- [Exercise input]
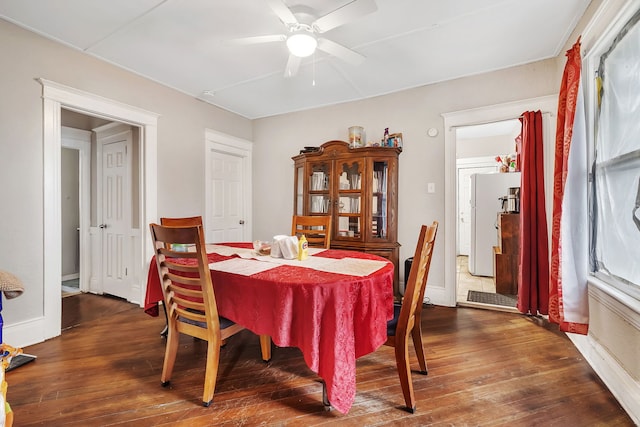 dining room with ceiling fan and dark wood-style flooring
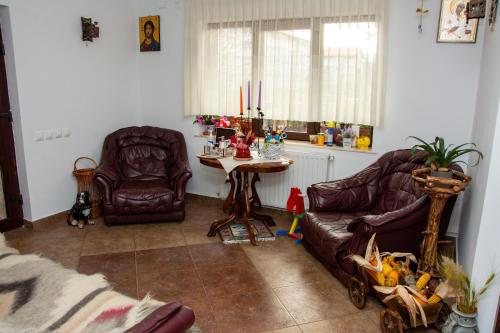 sala de estar con 2 sillas de cuero y mesa en Casa Albert Sinaia en Sinaia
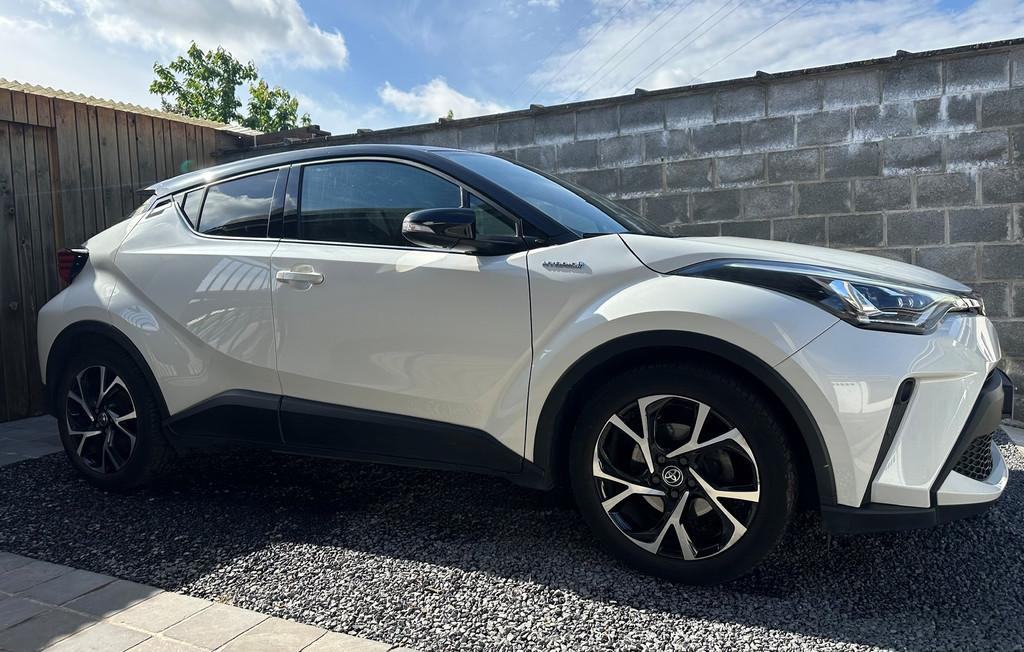 Toyota C-HR 2.0i Hybrid Keyless Led Navi Leder ACC Full Opti, Auto's, Toyota, Gebruikt, Euro 6, 4 cilinders, Wit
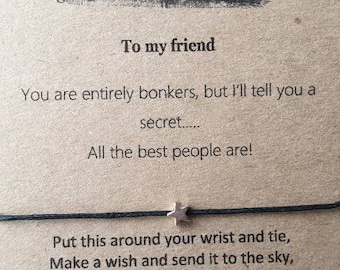 May include: A brown card with a black and white illustration of Alice in Wonderland characters having tea. The card has the text "To my friend" and "You are entirely bonkers, but I'll tell you a secret..... All the best people are!"  The card also has a black string with a silver star charm attached.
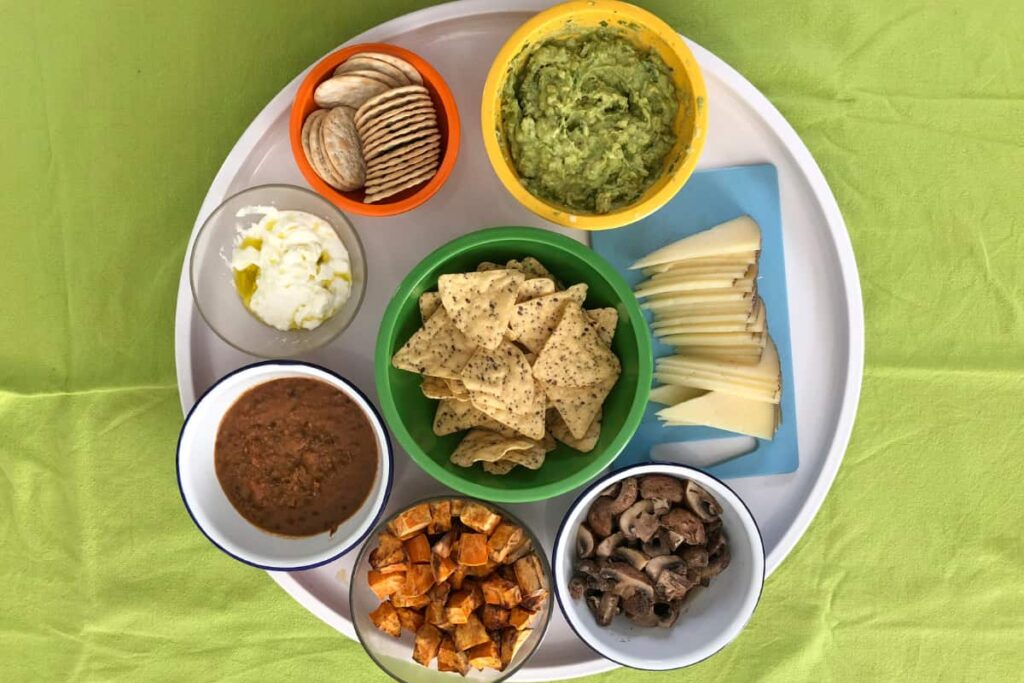 Snacks in bowls on a lazy Susan.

- [Work instruction]
In your copy, leave out the pictures and reproduce the material above exactly.

- [Exercise answer]
 dining room with ceiling fan and dark wood-style flooring
 sala de estar con 2 sillas de cuero y mesa en Casa Albert Sinaia en Sinaia
 Toyota C-HR 2.0i Hybrid Keyless Led Navi Leder ACC Full Opti, Auto's, Toyota, Gebruikt, Euro 6, 4 cilinders, Wit
 May include: A brown card with a black and white illustration of Alice in Wonderland characters having tea. The card has the text "To my friend" and "You are entirely bonkers, but I'll tell you a secret..... All the best people are!"  The card also has a black string with a silver star charm attached.
 Snacks in bowls on a lazy Susan.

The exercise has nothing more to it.